[Provided data — start]
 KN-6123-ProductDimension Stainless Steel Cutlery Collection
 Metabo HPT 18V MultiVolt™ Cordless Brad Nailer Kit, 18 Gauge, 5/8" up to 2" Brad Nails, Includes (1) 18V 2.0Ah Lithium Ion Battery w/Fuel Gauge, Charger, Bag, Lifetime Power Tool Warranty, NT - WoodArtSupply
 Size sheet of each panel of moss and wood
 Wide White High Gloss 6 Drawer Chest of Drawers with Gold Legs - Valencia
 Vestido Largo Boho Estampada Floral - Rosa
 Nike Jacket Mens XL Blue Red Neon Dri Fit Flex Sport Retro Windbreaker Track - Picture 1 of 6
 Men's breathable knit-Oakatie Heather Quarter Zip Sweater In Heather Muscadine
[Provided data — finish]
### What to work on
Please give back only the lines starting with the one that contains "Vestido Largo Boho Estampada Floral - Rosa" and ending with the last line of the listing, retyped exactly.

### Output of the task
 Vestido Largo Boho Estampada Floral - Rosa
 Nike Jacket Mens XL Blue Red Neon Dri Fit Flex Sport Retro Windbreaker Track - Picture 1 of 6
 Men's breathable knit-Oakatie Heather Quarter Zip Sweater In Heather Muscadine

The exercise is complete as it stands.